Remember, eye-catching interest rates can sometimes be achieved by charging borrowers higher fees than other lenders. Some lenders may also add charges that you may not realise when you’re at the stage of comparing loans. To avoid this, it’s important to check a loan’s product disclosure statement (PDS) which essentially contains the fine detail and should be made available to you by law.

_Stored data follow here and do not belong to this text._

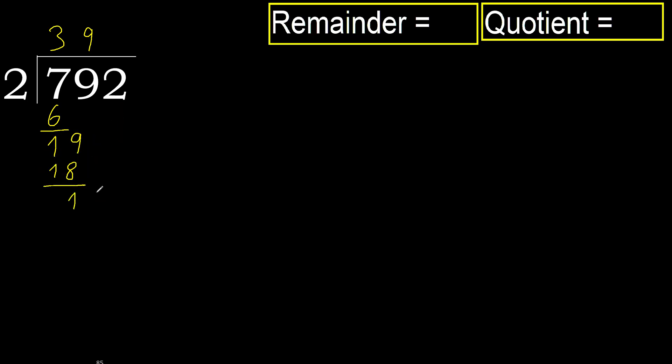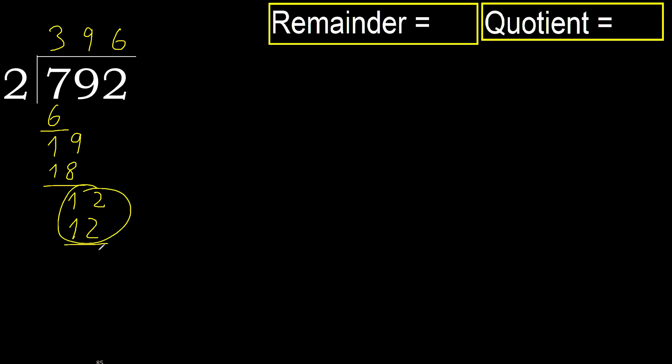Next, 12. 2 multiplied by 7. 14 is greater. Multiply by 6. 12 is not greater. Subtract. Next.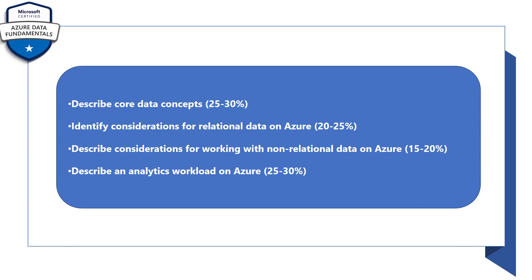Identify considerations for relational data on Azure will have 20 to 25 percent. Describe considerations for working with non-relational data on Azure will have 15 to 20 percent. Describe an analytics workload on Azure will have 25 to 30 percent of weight in your exam, so always prepare accordingly.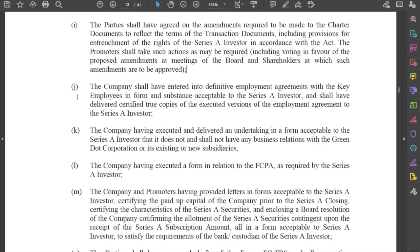Of course, there are plenty more rights and obligations between the company, the promoters, the shareholders, and the investor under the Shareholders Agreement, which we will come to.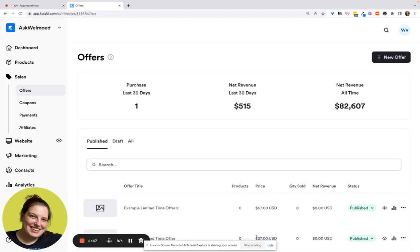So let's head over to Kajabi. We need an offer for the lower price. So in this case, $27 and for the higher price, in this case, $67. Then we need to create two sales pages, one that has the discounted offer on it and the second that has the higher price offer on it.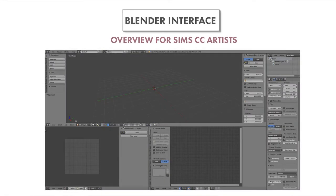Hi Simmies! Before I get into using Blender, I wanted to do a really quick overview of the interface.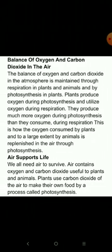The next point is the balance of oxygen and carbon dioxide in the air. This balance is maintained through respiration in plants and animals and by photosynthesis in plants. Plants produce oxygen during photosynthesis and utilize oxygen during respiration. They produce much more oxygen during photosynthesis than they consume, which is how the oxygen consumed by plants and animals is replenished in the air through photosynthesis.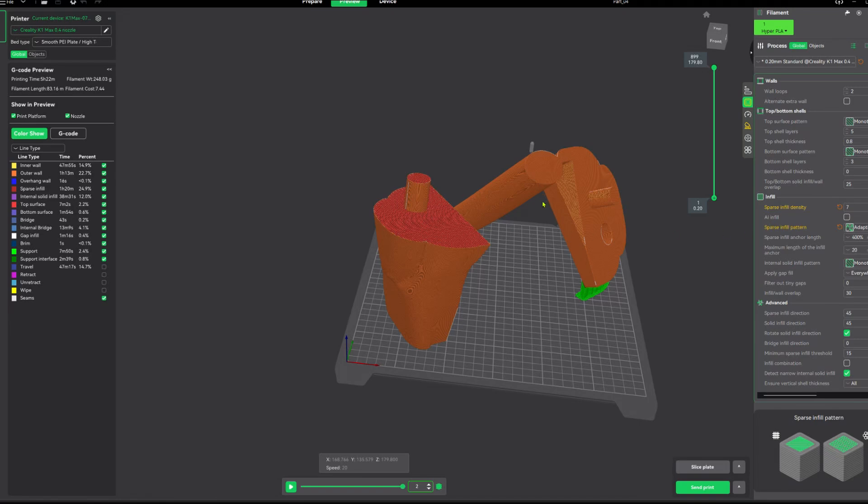So you guys can see how important infill pattern and density is along with the angle of your print. They can be crucial to how much time your print takes. So as you guys can see, the angle of your print, infill density, and infill patterns make a huge difference, so make sure you check your angles, your infill density, and your infill pattern.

In a bid to help you avoid bill shock (which can be pretty difficult to avoid when you secure a new home loan anyway), here is a list of the main fees associated with taking out a mortgage.

Upfront fees

As the name implies, upfront or establishment fees cover the cost of setting up your home loan, including the processing and documentation of your loan. Most of these fees are upfront which means you have to pay them when your loan is approved. Some lenders may waive some fees in a bid to win your business although generally most lenders will charge some sort of upfront fee. Here is a rundown of what might be included.

Application fee

This can come under different names according to your lender. It may be listed as a start-up cost, set-up fee, or establishment fee. Lenders may charge an application fee when you apply for a new loan, access additional funds under an existing loan, or change the terms and conditions of your loan in some way. Depending on the lender and the amount you plan to borrow, application fees can range from as low as $150 up to $900.

Property valuation fee

This fee covers the lender’s cost to have the home you plan to buy valued by a licensed property valuer before your mortgage is approved. The valuation helps lenders assess whether the amount you are planning to pay for the home reflects what it is worth on the market. Put simply, the lender needs to know how much your property could reasonably fetch if it needed to be sold quickly.

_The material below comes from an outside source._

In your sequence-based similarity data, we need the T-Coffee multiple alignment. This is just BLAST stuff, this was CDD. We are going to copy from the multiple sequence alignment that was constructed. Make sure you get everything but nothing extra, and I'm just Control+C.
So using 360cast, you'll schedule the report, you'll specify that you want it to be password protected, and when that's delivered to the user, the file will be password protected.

It’s also worth noting you may have difficulty getting the loan approved if the valuation comes in considerably lower than what you were planning to pay for the home. The average cost of a property valuation is between $200-$600 although some lenders may offer free property valuations of part of a new loan deal.

Document preparation fee

This additional fee may be listed as a separate charge for some lenders. It is to cover the cost of preparing the necessary loan documents for your application. Some lenders will include it as part of the establishment or set-up fee.

Legal costs

Some lenders may pass on the legal fees they’ve incurred for preparing your formal loan documents. Legal fees can range from $200-$450 although some lenders may include them within a broader upfront fee or waive them altogether. Bear in mind, the lender’s legal fees are separate from your own legal fees for a solicitor or conveyancing service to facilitate the purchase of your property.

Settlement fees

These may be charged for arranging settlement of your loan, including organising the balance transfer to the seller of the home and the title transfer. Some lenders may include settlement costs as part of their upfront fees while others can charge from $100-$900. It’s worth noting some lenders may charge settlement fees again should there be any change to the terms and conditions of your original loan, such as topping up your current loan or should you decide to refinance during the term of your loan.

Lenders' mortgage insurance

Many lenders will require you to pay lenders mortgage insurance (LMI), a one-off insurance policy, if your loan exceeds their required loan-to-value ratio (LVR). Generally, many financial institutions will only allow you to borrow up to 80% of the property’s value. For proportions higher than that, many lenders will require you to pay for LMI to protect their interests should you are unable to service or settle your loan down the track. LMI can range from 1-5% of your home loan amount, depending on your LVR. You can use our LMI calculator to give you a general idea of the cost.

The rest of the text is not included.